Lorca no se puede imitar. Ni Buñuel. Dalí, en cambio, acabó convirtiéndose en una parodia de sí mismo
Lorca, en opinión del compositor, es una mezzosoprano, Kelly O’Connor. Elección muy discutible porque Lorca era un hombre, que sepamos, con voz grave de hombre, que sepamos, y de físico rudo, algo perfectamente compatible con la condición homosexual. En la obra, lo que pretende ser un acercamiento a su alma se convierte en uno de esos trasvases de géneros que yo creía superados, pero que viven un irritante revival en nuestros días: sin ir más lejos, ahí tenemos a Blanca Portillo haciendo de Segismundo. Me explican una y otra vez que la elección se debe a la excelencia de Portillo en escena. Sigo sin entenderlo: también hay actores excelentes que no necesitarían forzar su condición varonil para interpretar el personaje. Si seguimos así, acabaremos viendo Doña Rosita la Soltera interpretada por un actor con mucha pluma y a un director ofreciendo una razón simbólica: Federico y Rosita en un mismo cuerpo.

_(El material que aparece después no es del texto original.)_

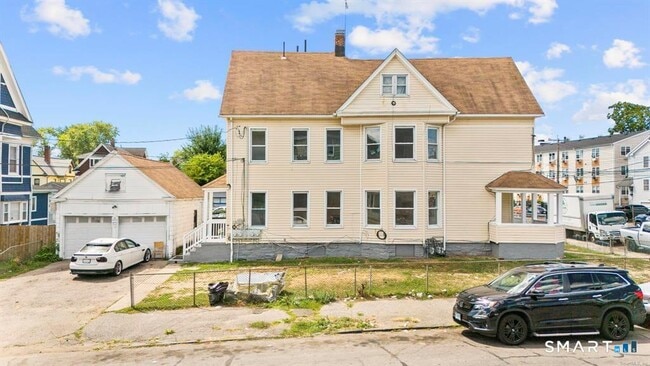 Building Photo - 725 Beechwood Ave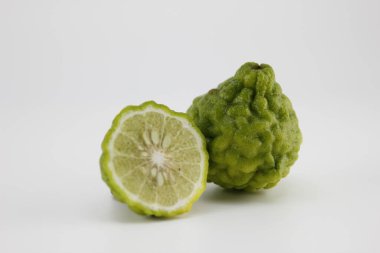 Bergamot beyaz arka planda ikiye bölündü.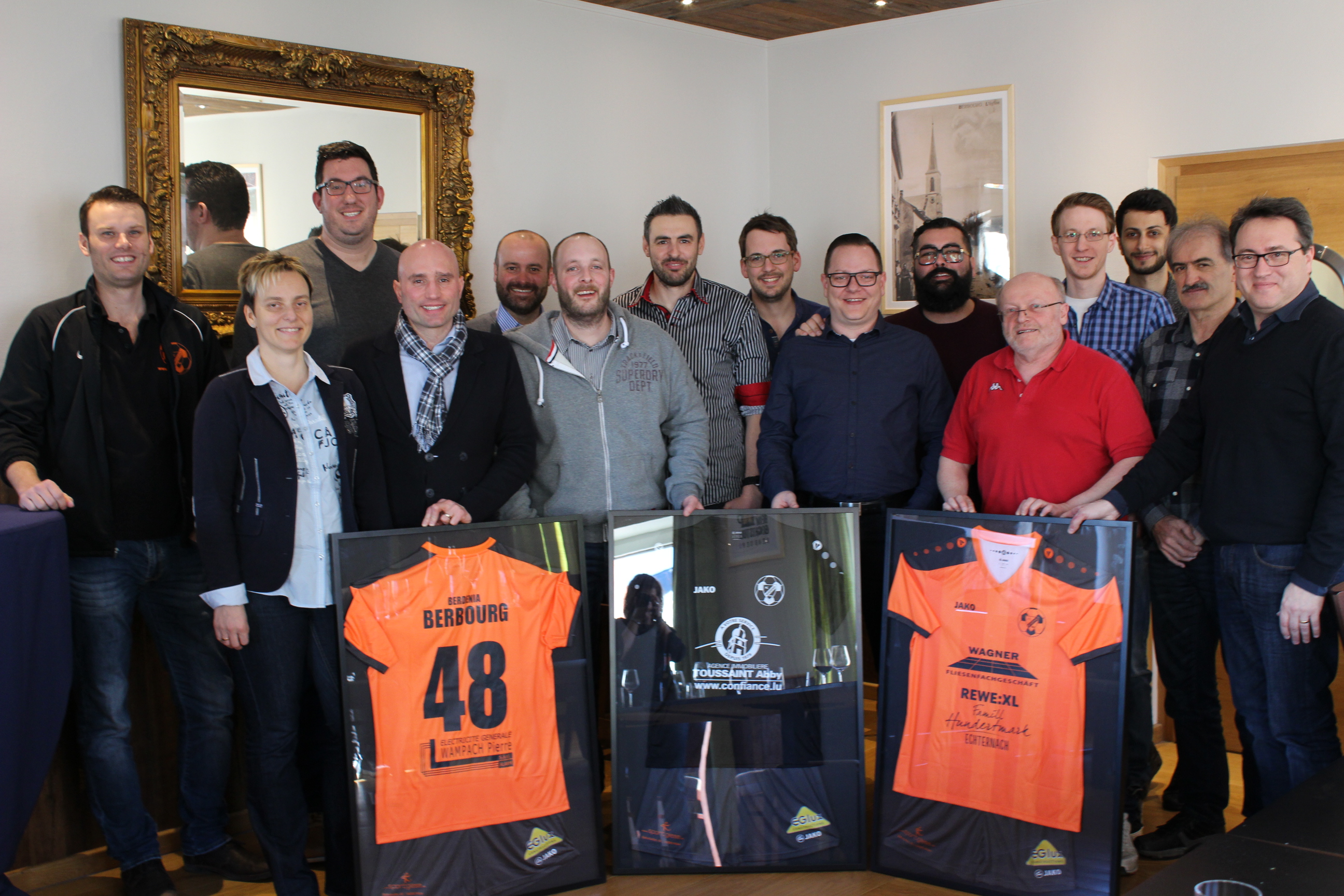 Offiziell Trikotiwwerreechung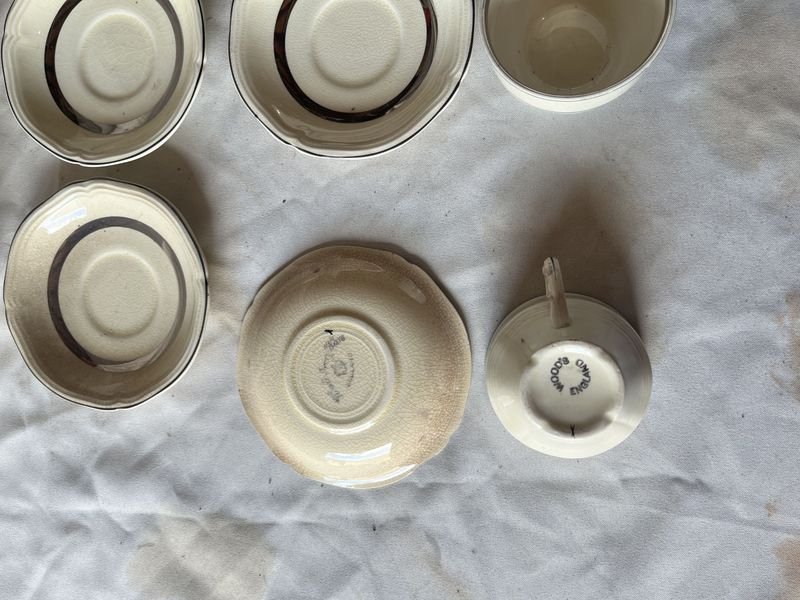 Set de tazas y platos de porcelana inglesa - imagen 4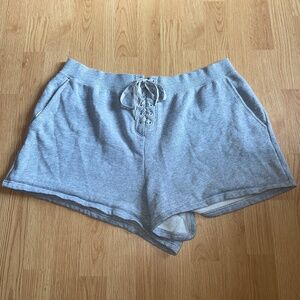 Victoria’s Secret Gray Lace Up Front Cotton Blend Shorts With Pockets Size XXL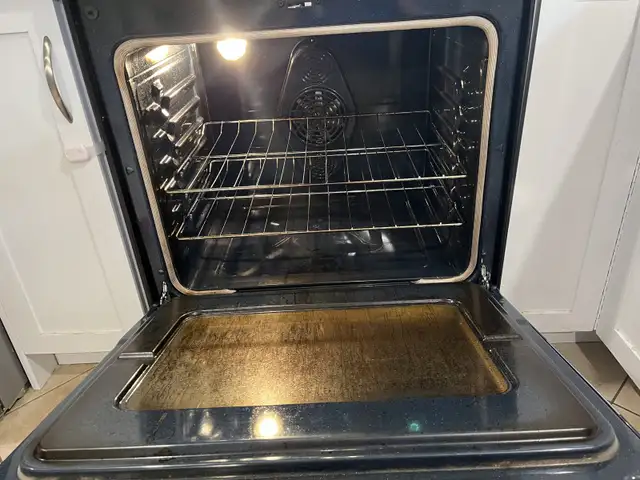 Range Stove for Sale in Stoves, Ovens & Ranges in Cole Harbour - Image 6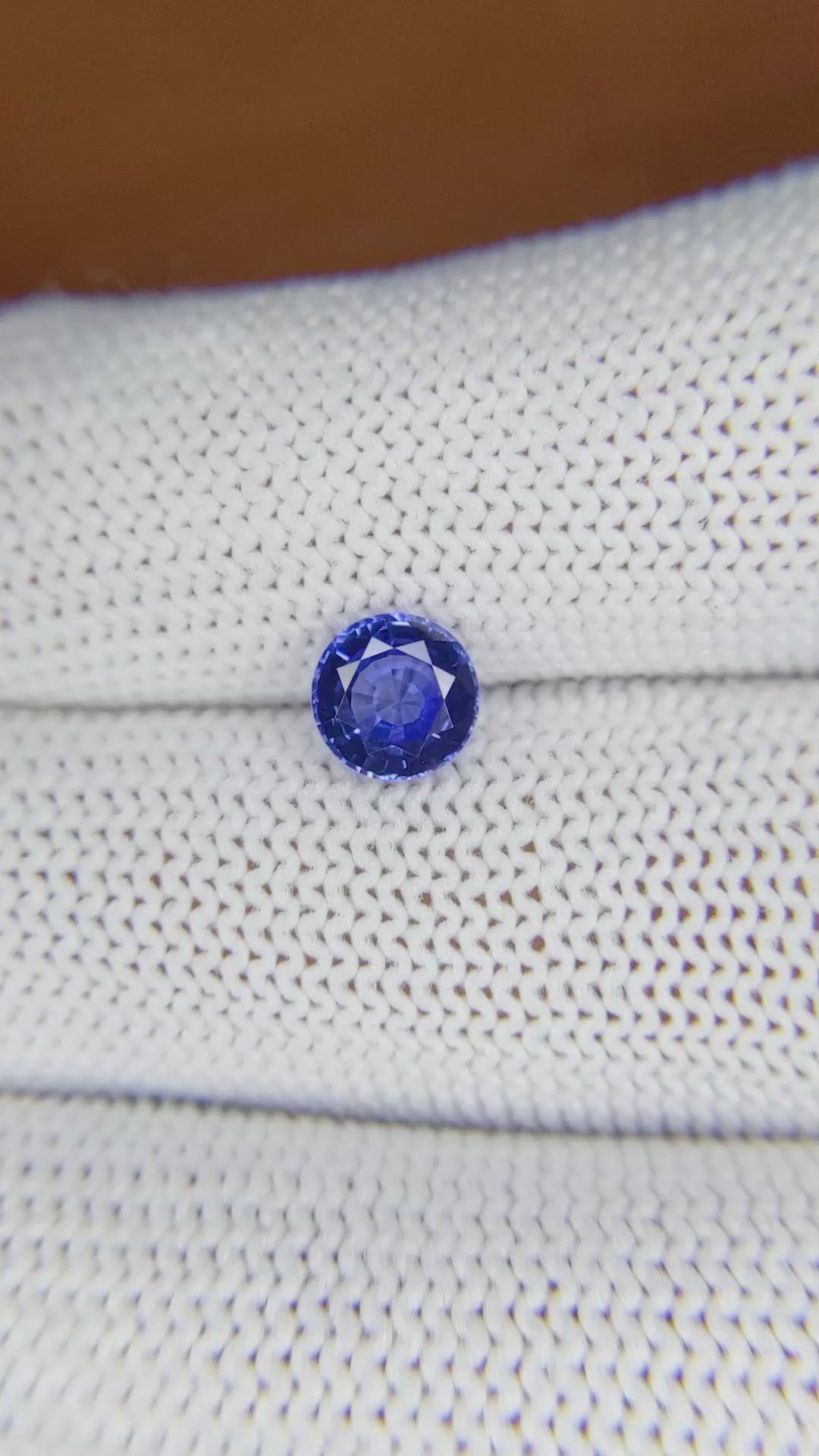1.26 Ct. Blue Sapphire from Ceylon (Sri Lanka) Size Video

Lo que vimos el domingo en el Real fue un redoble de tambor de lo lorquiano. Para empezar, mostrar a Lorca como personaje acaba por convertir cualquier función en una de fin de curso. García Lorca fue un personaje real que hasta poco antes de su muerte no temió por su vida y, por tanto, tuvo tiempo de ser alegre, de reír con una risa que se escuchaba a distancia, de llenar sus versos de un ritmo insólito y dibujar sus dramas con pinceladas de humor. Siempre me irrita el melodramatismo con el que se recita, por ejemplo, El romancero gitano, parece que quien lo recitara estuviera pensando más en el barranco de Víznar que en aquel presente en que Lorca escribía los poemas y se los daba a leer a sus amigos. Y me sorprende aún más que su memoria se convierta en un panfleto cuando en sus poemas no hay rastro de un compromiso facilón. ¿Lo han leído de verdad? Todo se tergiversa, todo se manipula, su obra, su vida o su homosexualidad, que se quiere ver con los ojos de ahora y no enmarcada en la realidad en la que fue vivida.
Ahí tenemos a Blanca Portillo haciendo de Segismundo. Me explican una y otra vez. Sigo sin entenderlo
Por eso esperamos como agua de mayo que de una vez por todas se publiquen los diarios del que fuera su último amor, no novelas ni otras ficciones, no, las palabras reales del muchacho de Albacete que le inspiró un poema inédito y la última carta que escribiera en su vida. Estamos deseando ver un Lorca real descrito por un hombre que lo amó, antes de que diluyamos su figura en personajes de ficción y su poesía en cientos de interpretaciones lorquianas. El adjetivo lorquiano se puso a funcionar desde que Lorca comenzó a hacerse popular; el simbolismo que ha acabado engullendo a la persona real se multiplicó con su asesinato.
El asesinato. Hay un momento en el oratorio Aynadamar que me dejó perpleja. Es la escena en la que asistimos a su muerte. Lorca, es decir, la mezzosoprano Kelly O’Connor, se agacha, se pone a cuatro patas, y el verdugo le dispara pueden imaginarse ustedes dónde. Así unas cinco veces, por si no nos habíamos enterado. Tampoco lo entiendo. Nadie puede asegurar que el poeta fuera asesinado de esa manera. Hubo un rumor difundido por José Luis Trescastros, uno de los asesinos que formaron parte del pelotón de fusilamiento, pero no hay más prueba que su fanfarronería de taberna. Inesperadamente, en el Teatro Real, lo poético se tornó soez.
Y yo lo imaginaba a él, en primera fila, espantado, como cuando tenía delante a la monstruosa niña lorquiana.